This invention relates to level control devices for liquids and other conductive materials and, more particularly, to such devices utilizing electronic circuitry in the probe circuit.
Liquid level control systems, such as low-water cut-off systems, are known in the art as exemplified in U.S. Pat. No. 3,834,357. These systems monitor the fluid level in vessels such as hot water boilers, or the like, by utilizing the conductivity of the fluid within the vessel. That is, an insulated probe projects internally of the vessel such that an electrical path is completed from the conductive portion of the probe through the liquid and to the grounded walls of the vessel, when the fluid is in contact with the probe. This circuit, in turn, completes a series circuit comprising the secondary winding of an isolation transformer and a relay having at least one set of contacts for controlling an external circuit such as a low-water alarm. An isolation transformer is utilized in these systems for safety considerations. That is, the isolation transformer avoids the possibility of having an electrically "hot" housing or exposed surface of any of the associated apparatus. However, in order to maintain a desired minimum level of sensitivity to ensure reliable detection when using fluids having low electrical conductivity, the secondary winding voltage is typically the same as the primary winding, which may be, for example, 120 or 240 volts. Notwithstanding the isolation transformer, this relatively high secondary potential may pose a safety problem such as, for example, to a workman who inadvertently physically contacts the exposed conductor of the probe. Thus, in these prior art systems, system safety and system sensitivity are in competition with one another.

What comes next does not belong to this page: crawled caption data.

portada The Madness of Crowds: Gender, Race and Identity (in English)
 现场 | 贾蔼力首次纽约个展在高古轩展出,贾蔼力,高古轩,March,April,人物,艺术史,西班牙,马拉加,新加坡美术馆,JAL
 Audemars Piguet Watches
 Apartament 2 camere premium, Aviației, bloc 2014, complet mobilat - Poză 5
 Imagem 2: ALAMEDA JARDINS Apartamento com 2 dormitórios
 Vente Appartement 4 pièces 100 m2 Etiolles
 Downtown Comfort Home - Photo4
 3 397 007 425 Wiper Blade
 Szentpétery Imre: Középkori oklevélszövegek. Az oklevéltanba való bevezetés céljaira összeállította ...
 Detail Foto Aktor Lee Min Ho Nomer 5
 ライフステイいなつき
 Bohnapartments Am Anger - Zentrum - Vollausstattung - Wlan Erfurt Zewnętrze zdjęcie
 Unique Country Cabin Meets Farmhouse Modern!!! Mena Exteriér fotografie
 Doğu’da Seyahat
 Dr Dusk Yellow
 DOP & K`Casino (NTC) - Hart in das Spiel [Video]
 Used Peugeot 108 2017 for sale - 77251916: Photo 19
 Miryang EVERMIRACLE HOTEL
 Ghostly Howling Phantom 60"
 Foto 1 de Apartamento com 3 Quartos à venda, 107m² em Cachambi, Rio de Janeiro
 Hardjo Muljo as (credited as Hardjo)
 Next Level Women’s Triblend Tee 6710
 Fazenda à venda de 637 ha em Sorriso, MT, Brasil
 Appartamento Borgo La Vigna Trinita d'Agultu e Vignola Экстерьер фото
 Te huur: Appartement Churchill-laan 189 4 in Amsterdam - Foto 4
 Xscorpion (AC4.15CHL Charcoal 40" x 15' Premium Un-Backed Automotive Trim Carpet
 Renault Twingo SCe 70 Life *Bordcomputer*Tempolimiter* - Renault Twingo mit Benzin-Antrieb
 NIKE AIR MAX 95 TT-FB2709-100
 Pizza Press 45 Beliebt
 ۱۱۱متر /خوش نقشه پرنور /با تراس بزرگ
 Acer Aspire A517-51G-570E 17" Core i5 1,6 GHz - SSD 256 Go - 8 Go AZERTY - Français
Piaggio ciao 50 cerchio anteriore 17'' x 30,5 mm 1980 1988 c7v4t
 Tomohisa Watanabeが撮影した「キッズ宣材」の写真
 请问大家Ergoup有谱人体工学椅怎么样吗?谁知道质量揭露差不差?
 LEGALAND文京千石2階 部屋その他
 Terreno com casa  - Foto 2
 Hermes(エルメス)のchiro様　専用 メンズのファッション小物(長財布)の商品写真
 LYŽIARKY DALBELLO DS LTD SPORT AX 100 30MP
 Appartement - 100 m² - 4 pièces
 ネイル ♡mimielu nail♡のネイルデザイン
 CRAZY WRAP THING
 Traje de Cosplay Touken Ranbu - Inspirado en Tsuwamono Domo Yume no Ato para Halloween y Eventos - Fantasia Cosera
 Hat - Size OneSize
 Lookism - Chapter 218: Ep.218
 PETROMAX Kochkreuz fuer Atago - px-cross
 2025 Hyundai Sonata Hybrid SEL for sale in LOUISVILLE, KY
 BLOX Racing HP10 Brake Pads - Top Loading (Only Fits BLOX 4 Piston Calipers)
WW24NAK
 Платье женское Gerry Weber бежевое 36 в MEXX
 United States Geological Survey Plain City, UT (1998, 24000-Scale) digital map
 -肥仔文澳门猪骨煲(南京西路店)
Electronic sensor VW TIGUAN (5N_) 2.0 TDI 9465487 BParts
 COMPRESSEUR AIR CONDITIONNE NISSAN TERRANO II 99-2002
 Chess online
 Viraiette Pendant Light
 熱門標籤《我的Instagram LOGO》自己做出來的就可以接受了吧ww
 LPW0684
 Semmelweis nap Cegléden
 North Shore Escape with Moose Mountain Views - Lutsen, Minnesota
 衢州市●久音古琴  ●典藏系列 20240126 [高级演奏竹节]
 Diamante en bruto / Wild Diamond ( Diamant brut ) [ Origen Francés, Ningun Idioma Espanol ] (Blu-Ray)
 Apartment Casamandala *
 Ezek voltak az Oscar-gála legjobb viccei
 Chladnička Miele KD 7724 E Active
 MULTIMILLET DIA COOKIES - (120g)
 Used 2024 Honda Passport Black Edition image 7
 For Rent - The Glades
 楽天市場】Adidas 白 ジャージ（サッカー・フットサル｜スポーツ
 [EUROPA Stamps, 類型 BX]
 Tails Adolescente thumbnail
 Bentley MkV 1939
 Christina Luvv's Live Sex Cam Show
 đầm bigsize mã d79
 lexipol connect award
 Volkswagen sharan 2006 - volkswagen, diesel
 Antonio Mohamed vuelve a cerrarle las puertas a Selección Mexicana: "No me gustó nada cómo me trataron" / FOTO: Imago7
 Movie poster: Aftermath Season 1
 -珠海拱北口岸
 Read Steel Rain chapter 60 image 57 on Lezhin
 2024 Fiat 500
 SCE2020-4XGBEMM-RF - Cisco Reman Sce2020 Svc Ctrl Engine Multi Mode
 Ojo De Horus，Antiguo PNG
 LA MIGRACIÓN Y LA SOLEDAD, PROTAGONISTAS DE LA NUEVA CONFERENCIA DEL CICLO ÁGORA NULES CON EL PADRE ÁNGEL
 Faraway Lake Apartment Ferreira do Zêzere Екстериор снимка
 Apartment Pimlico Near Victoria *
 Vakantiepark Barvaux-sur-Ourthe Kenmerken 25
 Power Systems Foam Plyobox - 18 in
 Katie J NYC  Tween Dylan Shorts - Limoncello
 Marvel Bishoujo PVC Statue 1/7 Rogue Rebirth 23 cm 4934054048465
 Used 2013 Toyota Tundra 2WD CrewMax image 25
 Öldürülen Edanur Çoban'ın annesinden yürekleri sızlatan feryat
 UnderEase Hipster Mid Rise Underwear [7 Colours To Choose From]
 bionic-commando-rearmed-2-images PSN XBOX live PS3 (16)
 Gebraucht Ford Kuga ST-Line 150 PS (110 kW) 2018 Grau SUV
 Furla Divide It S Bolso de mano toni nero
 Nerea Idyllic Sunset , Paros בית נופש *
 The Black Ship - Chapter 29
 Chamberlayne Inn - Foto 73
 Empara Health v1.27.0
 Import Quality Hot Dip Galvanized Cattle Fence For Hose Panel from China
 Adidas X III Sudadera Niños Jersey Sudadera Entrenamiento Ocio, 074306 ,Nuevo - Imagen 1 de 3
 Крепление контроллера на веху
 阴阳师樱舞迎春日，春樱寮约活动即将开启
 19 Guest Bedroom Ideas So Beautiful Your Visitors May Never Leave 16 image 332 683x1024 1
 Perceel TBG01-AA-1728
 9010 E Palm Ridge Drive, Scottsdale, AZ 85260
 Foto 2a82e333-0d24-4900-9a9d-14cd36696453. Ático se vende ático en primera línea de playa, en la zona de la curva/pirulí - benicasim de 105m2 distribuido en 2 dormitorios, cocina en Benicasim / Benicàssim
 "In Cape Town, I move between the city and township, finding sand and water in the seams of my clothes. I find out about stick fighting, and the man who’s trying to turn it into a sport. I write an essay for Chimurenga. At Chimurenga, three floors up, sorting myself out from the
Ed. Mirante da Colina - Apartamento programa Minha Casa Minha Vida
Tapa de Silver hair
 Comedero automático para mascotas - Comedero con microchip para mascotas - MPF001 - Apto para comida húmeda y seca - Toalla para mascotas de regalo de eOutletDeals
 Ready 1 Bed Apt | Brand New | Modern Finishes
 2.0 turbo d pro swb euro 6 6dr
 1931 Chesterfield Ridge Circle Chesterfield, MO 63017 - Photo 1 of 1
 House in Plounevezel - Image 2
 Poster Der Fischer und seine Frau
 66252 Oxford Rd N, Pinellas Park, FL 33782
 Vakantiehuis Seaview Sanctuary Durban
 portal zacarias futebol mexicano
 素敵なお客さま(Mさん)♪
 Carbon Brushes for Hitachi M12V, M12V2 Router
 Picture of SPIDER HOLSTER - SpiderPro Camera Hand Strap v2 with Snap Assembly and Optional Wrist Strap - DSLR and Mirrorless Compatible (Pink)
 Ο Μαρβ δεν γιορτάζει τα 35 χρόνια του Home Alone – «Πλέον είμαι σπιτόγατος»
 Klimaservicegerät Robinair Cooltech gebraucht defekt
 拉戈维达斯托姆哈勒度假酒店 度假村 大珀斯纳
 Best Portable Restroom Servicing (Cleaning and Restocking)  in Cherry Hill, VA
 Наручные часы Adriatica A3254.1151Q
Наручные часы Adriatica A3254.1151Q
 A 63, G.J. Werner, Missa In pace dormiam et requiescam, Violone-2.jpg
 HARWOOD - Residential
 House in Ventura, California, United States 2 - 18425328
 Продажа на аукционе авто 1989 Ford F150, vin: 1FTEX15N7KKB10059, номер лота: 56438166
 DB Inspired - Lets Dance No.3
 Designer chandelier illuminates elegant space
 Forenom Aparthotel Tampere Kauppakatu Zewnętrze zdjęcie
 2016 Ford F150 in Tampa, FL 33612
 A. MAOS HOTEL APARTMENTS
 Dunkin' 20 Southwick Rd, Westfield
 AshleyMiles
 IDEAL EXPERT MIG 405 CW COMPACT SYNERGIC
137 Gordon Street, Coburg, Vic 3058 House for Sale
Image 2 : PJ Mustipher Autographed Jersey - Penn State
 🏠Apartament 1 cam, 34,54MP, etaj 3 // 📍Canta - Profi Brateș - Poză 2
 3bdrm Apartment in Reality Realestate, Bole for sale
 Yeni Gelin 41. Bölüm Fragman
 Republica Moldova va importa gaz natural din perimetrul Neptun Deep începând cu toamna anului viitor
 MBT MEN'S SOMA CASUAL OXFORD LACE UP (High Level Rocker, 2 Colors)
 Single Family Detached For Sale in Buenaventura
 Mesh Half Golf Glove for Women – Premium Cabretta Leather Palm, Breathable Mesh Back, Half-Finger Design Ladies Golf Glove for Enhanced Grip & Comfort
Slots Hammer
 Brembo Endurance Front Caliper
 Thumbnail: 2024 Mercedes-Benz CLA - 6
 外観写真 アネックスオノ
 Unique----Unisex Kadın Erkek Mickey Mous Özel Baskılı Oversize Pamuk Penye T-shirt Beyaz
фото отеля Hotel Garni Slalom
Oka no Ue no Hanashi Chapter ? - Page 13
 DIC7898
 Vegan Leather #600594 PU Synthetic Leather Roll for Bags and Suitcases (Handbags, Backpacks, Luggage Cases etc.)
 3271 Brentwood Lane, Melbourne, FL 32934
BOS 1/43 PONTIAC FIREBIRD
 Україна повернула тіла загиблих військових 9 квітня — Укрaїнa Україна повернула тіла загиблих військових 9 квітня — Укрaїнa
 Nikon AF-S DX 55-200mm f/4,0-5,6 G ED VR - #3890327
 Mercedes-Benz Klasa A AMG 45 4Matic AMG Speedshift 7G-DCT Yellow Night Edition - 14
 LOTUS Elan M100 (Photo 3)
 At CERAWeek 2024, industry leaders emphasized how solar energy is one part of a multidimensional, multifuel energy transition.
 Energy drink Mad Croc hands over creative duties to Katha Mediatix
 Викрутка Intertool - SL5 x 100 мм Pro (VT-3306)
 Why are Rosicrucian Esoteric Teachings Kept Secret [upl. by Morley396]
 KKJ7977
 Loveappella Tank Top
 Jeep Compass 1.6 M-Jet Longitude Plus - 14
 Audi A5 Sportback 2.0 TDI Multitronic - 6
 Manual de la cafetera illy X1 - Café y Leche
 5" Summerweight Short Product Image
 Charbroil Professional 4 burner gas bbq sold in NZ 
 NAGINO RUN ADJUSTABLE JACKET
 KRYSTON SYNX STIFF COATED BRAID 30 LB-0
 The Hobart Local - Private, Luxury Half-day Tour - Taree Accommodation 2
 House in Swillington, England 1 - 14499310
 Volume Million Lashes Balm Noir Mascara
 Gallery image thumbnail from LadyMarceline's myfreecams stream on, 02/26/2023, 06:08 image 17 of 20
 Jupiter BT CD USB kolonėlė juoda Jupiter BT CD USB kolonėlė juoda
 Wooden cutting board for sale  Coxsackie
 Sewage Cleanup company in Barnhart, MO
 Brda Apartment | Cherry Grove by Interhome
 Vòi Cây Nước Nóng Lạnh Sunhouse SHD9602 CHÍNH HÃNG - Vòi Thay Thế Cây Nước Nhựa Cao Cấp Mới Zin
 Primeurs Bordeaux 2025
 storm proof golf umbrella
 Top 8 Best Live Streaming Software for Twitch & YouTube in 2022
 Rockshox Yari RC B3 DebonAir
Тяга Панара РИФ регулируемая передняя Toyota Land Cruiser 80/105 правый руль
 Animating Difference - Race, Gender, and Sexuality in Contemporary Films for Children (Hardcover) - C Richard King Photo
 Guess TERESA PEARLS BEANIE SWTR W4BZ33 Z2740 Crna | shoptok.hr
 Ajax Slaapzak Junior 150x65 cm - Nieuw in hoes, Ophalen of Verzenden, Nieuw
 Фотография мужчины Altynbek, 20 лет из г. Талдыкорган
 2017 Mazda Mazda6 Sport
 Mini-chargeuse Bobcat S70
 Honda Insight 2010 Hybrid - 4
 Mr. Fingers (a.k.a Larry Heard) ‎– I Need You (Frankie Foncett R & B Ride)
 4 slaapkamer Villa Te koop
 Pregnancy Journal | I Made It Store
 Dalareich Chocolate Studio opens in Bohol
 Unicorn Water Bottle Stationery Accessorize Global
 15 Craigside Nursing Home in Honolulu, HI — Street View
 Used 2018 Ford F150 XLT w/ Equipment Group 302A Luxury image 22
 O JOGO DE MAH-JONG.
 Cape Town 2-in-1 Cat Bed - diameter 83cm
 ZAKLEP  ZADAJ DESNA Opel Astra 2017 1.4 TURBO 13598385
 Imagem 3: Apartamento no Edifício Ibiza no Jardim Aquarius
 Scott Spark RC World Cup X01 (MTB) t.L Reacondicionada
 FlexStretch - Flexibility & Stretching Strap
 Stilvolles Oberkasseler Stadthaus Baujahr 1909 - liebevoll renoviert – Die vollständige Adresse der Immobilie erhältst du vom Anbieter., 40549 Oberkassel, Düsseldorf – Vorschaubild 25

Low secondary voltage systems, including electronic systems, have been proposed. However, these systems utilize relatively sophisticated and expensive techniques such as, for example, D.C. amplifiers wherein the A.C. probe signal voltage is converted to D.C. for further processing by the electronic circuit, such as by means of A.C. to D.C. converter or bridges and the like. The A.C. to D.C. interface has been necessary because it is desirable to provide an A.C. voltage in the probe circuit so as to avoid contamination of the probe due to electrolysis as results from strictly D.C. operation. In any event, these prior art liquid level control systems have resorted to expensive and complex circuit design techniques to provide a usable system.
These and other disadvantages are overcome by the present invention wherein a liquid level control system is provided utilizing a relatively low voltage secondary potential, the advantages of A.C. operation, and simple and relatively inexpensive circuitry which also utilizes the A.C. voltage signal of the probe circuit.